La prosa smidollata dei vasi bagnati sotto i portici resiste all’inquinamento di fogliame burocratico, aspetta un altro mezzo sorriso di terra e radice, aspetta quell’avambraccio spugnoso che sottintende ripiani da sfondare a voce.


Penna ansimante regole scoordinate e parentesi claudicanti rotte al culmine del crepuscolo, assaggi mani tra labbra serrando passioni di un solo pomeriggio, addolcendo mitologie dell’infinito martirio all’interno del tuo fegato strozzato, i pianti dall’esterno cavalcano onde di mattoni e cunicoli, vecchi con le basette rimandate alle orecchie nella gestualità metodica di una pettinatura di denti e volto ti fissano concentrici e robotici di lentezza rivoluzionaria, asciughi lacrime di panni notturni lasciati scomposti nel post-modernismo di un vento contrabbandiere di conigli sputati dal cilindro impazziti nel contropelo di mani grasse e collinose nel sudore marcio post-lavorativo.

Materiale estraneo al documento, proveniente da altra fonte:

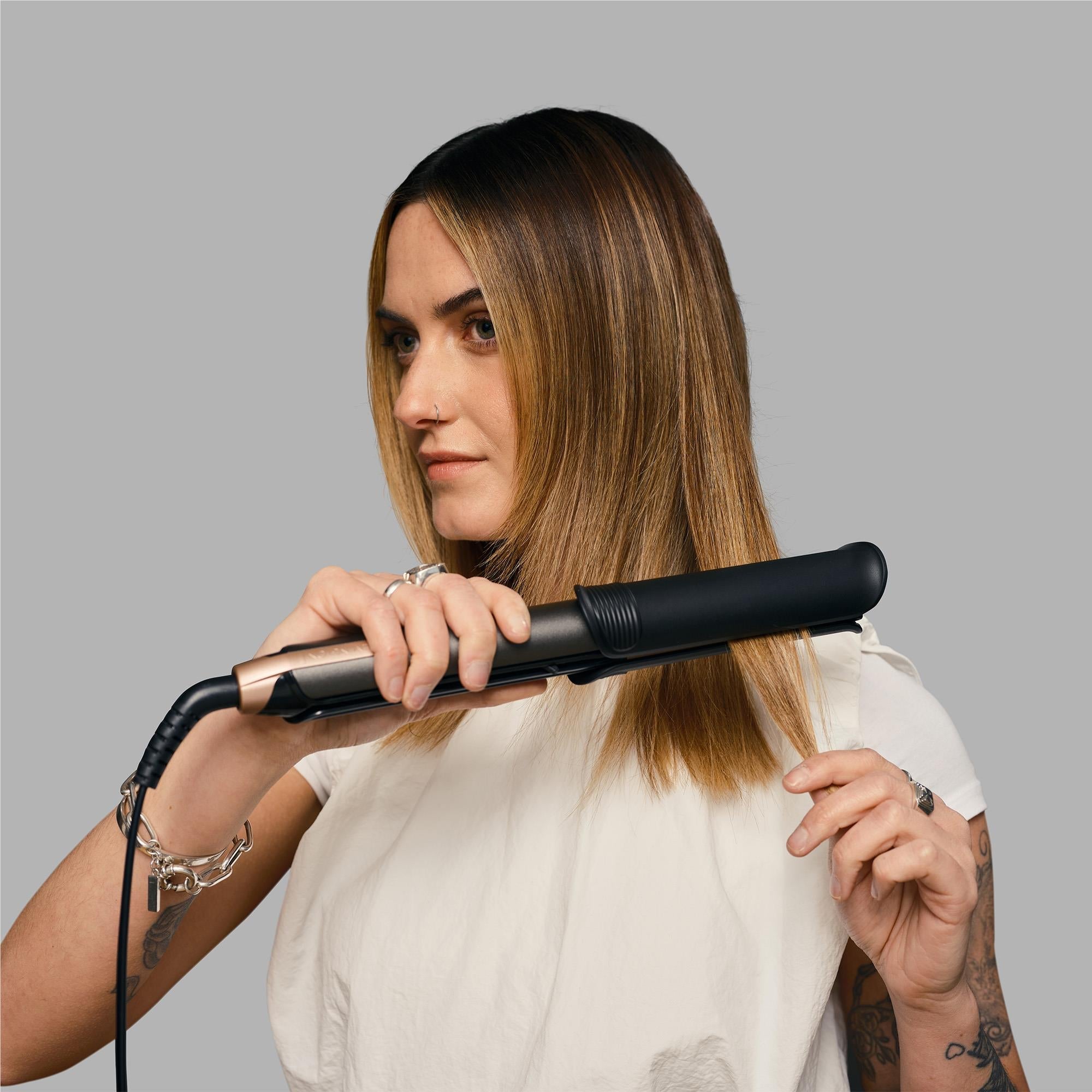 Remington One Straight and Curl Hair Styler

Squarci di sole diviso a metà da un punteruolo d’alluminio emanano bagliori innaturali precipitanti, sconfitti, sul lastricato, tuoni di risposte non cercate mettono a disagio il condizionale pronunciato smorzando urla di velocità protestante, alberi dalle chiome infantili di primavera vanificano la recita vanesia del fogliame marrone





e poi stendardi profumati di nebbia scivoleranno avvolgendo in mantello sornione le piccole gambe nude dei rami lasciati inerti e spellati, tu lì, posato maldestramente, senza cavalletto, alcolizzato d’aria respinta, morto in ginocchio.

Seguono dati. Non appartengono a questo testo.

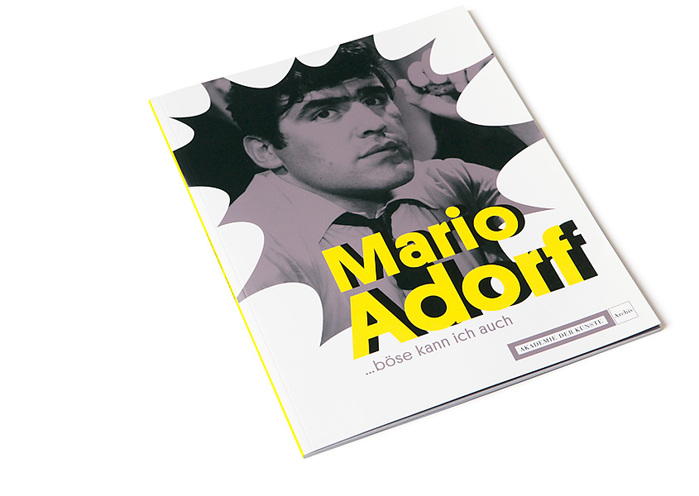 Mario Adorf … böse kann ich auch 2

  • Marciando sulla ridente P.




Prima o poi c’è un apostrofo a toglierti il senso del tutto. E pieghi le gambe per diventare quell’acaro incline al bianco. Pettini il tuo pavimento con aria annoiata. Giri fogli. Scrivi. Cancelli e scrivi. Riscrivi. Hai uno stomaco da gladiatore e ossa di montagna. Tra qualche giorno ti faranno soldato del “non ti troviamo”. Bomba, allora parliamone. Bomba, cosa vuoi che sia. Bomba, che combini lì da sola. Qualcuno ti accarezza la coscienza per sentirti cantare. Cantare come solo tu. Sai. Cantare.